For "Chocolate Dove," Kukahiko covers a wall with touristy postcards of sunsets. On a nearby table, she displays a hula girl cast in chocolate. Next to the figure is a candy tray offering visitors chopped-up pieces of chocolate hula girl, some with macadamia nuts, others with slices of dried mango. Some chunks are recognizable body parts of the hula girl; others are too difficult to make out.

Kukahiko says the mango is a reference to Gauguin, who "served up native feminine sexuality in his work."


Puni Kukahiko's "The Paradise Seekers," is an installation made of chocolate and light. Kukahiko runs live video over 16 white chocolate hula girls.

ON THE OTHER SIDE of the postcarded wall is "The Pleasure Seekers." Two rows of white chocolate hula girls are mounted on the wall. Superimposed on the repetitive images is live video of gallery patrons on the other side, selecting chocolates before the backdrop of orange sunsets.

"When people are selecting the candy, they stay on the video longer," Kukahiko laughs. "I'm still casting chocolate every night."

Kukahiko made the mold of the hula girls herself. "I bought a hula girl statue in Waikiki. The label says she was 'cast in simulated lava,' which means plastic," she says with a grin. "I made a mold out of rubber from it."

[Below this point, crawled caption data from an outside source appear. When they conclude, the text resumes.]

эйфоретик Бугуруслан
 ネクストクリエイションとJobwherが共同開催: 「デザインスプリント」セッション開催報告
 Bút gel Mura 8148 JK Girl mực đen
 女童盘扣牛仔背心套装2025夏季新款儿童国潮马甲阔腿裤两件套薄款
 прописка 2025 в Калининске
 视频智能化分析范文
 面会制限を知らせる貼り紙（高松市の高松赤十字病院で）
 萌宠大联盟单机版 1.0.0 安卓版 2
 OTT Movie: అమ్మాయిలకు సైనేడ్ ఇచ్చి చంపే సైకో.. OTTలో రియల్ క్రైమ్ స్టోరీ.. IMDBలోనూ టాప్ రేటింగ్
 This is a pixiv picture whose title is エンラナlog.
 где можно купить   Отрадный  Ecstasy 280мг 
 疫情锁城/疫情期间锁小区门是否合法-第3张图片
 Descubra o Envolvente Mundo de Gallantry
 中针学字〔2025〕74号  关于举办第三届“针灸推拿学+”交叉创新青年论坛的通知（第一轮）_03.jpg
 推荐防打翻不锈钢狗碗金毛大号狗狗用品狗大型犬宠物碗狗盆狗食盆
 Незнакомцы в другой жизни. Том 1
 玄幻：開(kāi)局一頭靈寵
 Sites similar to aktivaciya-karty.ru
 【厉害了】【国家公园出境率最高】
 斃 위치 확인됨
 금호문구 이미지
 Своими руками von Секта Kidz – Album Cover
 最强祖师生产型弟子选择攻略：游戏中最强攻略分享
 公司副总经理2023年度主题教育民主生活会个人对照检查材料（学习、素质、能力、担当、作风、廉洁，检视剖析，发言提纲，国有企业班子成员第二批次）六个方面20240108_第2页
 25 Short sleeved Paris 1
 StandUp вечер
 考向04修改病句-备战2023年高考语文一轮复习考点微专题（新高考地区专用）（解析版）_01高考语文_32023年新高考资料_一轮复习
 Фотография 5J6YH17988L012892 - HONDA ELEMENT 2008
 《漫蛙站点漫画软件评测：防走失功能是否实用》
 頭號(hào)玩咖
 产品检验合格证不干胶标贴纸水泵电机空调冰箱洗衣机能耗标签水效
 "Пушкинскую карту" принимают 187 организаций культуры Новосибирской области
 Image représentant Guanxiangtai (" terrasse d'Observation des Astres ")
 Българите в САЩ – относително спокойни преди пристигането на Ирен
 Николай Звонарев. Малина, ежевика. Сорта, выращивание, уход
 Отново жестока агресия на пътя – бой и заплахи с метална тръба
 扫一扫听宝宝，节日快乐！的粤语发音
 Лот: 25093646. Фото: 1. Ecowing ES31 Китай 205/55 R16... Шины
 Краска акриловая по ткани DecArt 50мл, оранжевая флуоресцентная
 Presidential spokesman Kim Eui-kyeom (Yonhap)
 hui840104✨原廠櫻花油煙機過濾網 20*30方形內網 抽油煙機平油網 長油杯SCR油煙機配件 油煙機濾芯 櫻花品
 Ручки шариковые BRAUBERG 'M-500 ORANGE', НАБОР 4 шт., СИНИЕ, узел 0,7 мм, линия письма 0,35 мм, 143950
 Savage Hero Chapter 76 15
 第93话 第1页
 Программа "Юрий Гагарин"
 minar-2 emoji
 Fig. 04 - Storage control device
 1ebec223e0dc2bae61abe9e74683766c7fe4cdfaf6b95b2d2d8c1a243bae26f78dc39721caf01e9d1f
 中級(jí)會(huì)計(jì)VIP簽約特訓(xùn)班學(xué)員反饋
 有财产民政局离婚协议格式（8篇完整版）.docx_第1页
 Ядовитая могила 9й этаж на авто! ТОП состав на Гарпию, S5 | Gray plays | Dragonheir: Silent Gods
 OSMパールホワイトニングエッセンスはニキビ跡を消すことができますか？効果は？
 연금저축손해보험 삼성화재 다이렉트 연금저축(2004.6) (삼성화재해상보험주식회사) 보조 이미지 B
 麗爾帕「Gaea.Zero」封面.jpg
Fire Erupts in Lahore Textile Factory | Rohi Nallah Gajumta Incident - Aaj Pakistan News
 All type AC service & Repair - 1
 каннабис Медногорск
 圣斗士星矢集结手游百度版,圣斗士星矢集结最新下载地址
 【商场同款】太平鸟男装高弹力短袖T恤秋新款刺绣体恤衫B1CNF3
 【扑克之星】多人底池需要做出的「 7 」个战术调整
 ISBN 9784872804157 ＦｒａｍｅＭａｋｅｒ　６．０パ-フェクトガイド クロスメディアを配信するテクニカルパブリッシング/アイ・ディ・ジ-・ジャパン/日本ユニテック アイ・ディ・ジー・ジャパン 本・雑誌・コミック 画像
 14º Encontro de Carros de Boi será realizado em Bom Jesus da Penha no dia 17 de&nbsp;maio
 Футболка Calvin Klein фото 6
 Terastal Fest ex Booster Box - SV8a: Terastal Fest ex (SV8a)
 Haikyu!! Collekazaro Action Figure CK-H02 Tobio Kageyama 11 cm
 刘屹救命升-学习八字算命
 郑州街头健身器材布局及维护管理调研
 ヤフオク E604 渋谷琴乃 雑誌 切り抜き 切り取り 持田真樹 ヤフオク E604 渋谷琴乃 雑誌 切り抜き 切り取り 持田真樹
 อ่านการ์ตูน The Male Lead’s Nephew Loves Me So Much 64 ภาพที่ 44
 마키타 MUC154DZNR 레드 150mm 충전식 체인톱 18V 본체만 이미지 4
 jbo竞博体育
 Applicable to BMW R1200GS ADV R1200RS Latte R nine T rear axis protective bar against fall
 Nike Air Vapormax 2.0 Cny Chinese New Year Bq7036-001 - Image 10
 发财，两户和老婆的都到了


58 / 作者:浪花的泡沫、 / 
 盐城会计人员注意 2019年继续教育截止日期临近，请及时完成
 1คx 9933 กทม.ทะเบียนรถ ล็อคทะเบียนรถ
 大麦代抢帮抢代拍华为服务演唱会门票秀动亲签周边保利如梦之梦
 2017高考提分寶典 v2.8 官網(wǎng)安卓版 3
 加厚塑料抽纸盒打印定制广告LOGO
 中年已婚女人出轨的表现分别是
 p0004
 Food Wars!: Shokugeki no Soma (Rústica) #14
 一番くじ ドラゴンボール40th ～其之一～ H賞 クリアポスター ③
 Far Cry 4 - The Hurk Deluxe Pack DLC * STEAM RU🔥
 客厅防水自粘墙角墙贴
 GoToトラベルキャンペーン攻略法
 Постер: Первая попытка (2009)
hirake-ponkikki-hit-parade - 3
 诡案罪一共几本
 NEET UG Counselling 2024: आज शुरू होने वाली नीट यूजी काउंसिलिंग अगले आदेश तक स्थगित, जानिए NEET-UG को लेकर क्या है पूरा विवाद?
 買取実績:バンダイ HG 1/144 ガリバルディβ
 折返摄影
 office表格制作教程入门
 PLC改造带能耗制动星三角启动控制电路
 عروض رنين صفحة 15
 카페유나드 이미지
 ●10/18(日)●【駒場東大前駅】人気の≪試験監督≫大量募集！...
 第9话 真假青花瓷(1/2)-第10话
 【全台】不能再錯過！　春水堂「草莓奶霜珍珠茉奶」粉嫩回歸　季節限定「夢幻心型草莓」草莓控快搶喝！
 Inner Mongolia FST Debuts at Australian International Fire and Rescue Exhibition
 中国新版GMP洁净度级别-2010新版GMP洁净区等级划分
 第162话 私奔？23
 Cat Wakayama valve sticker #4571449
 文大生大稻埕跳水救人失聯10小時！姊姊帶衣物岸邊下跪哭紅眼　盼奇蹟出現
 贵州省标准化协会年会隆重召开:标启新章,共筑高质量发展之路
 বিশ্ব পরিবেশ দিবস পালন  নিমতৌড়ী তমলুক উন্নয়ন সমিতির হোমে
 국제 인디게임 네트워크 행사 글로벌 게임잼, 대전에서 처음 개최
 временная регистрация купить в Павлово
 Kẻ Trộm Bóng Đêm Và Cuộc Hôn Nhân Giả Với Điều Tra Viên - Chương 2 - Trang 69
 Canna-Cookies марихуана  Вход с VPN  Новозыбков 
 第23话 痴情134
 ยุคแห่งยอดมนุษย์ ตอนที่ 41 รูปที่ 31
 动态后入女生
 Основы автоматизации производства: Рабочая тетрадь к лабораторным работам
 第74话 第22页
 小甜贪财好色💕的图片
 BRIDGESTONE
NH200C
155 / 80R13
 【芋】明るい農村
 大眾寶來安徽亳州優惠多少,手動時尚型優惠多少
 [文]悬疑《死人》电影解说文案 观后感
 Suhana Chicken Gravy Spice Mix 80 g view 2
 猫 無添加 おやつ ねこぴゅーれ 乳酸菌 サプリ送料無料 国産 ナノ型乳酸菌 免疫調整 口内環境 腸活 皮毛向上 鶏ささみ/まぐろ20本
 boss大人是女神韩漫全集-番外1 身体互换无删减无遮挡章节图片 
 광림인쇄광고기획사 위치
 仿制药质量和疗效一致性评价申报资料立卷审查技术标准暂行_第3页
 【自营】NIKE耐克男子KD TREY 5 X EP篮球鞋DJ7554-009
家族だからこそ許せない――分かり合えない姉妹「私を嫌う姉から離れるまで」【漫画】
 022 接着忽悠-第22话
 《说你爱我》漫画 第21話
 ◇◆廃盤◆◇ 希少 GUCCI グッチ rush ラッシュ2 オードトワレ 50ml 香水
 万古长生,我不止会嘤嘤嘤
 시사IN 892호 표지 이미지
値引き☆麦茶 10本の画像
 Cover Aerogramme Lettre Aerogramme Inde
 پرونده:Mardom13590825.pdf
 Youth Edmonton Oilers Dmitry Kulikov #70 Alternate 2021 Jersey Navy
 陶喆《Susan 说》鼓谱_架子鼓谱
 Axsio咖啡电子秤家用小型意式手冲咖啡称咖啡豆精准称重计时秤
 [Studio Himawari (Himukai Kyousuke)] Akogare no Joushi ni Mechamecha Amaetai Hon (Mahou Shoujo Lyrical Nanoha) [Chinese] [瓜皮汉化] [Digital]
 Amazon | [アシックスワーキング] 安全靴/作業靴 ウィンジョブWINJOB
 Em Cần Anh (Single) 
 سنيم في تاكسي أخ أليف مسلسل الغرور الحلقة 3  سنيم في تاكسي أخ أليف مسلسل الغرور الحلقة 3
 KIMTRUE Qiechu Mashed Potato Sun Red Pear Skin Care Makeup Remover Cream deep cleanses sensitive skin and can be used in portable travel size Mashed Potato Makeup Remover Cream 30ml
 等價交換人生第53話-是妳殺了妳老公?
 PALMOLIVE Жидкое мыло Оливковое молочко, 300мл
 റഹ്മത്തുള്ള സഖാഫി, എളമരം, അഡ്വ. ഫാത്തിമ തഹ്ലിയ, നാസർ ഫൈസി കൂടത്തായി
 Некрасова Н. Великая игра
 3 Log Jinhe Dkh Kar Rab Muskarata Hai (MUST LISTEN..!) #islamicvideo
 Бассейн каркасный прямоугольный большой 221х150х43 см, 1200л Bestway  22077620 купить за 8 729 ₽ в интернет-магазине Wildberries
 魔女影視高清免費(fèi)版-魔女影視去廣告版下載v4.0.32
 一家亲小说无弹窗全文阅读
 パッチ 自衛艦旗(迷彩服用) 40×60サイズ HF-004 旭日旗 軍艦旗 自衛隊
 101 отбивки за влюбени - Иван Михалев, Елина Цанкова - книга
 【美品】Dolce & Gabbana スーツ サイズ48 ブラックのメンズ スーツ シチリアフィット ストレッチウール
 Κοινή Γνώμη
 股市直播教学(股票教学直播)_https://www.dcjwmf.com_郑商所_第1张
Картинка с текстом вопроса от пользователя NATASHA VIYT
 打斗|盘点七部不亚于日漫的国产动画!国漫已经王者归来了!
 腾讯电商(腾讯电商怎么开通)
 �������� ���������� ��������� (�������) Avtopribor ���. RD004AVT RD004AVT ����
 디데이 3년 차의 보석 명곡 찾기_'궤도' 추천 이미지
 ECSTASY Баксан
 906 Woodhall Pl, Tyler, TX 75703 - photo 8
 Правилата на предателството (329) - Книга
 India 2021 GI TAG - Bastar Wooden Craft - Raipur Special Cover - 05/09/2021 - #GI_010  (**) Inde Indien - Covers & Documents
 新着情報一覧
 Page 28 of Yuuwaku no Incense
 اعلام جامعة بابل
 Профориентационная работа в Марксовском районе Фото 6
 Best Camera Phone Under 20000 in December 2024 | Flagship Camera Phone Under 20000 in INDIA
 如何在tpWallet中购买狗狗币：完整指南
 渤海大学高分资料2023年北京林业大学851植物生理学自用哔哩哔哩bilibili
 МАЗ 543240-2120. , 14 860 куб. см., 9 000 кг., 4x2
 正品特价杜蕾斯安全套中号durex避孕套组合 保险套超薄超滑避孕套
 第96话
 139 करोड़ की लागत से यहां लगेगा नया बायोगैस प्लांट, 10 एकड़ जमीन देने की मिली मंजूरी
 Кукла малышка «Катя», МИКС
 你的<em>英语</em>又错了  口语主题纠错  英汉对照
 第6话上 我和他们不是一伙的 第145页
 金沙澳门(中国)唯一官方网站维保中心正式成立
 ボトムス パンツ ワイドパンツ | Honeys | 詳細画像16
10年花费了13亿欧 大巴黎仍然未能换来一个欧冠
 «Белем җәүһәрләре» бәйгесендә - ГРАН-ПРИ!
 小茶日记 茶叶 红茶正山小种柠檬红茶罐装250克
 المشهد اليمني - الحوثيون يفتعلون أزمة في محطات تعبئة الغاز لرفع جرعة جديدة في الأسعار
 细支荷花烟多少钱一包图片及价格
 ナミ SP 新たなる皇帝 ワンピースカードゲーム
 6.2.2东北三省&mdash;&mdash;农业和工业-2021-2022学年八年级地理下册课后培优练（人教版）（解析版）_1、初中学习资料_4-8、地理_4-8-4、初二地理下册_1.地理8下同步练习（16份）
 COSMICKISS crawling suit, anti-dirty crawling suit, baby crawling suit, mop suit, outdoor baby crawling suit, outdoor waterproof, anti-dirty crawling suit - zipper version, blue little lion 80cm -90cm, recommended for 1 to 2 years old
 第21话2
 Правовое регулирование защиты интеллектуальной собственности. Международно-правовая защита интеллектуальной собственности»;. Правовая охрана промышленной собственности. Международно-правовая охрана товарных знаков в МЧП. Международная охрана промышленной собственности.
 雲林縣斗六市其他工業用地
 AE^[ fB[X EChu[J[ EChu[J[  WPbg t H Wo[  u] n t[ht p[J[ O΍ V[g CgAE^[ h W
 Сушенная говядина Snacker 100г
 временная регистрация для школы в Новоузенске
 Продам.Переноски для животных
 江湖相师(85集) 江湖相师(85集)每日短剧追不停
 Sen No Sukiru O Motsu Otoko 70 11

Kukahiko says the ideas for her installation came after she couldn't get a hapa-haole Hawaiian song out of her mind. "The title was something like 'I Fell in Love with a Hapa-Haole Hula Girl,'" she says. One of her responses to the song was to address "hybridization" through the use of both dark and light chocolates to cast the hula girls.

While Kukahiko is getting plenty of mileage out of the hula girl mold, one wonders what she would possibly do with all those postcards.

"Maybe I'll mail them out to some unsuspecting friend in some underhanded way," she says, laughing. "I'll accost them with it."


"Slipping up," above, is among eli baxter's humorous mixed media work.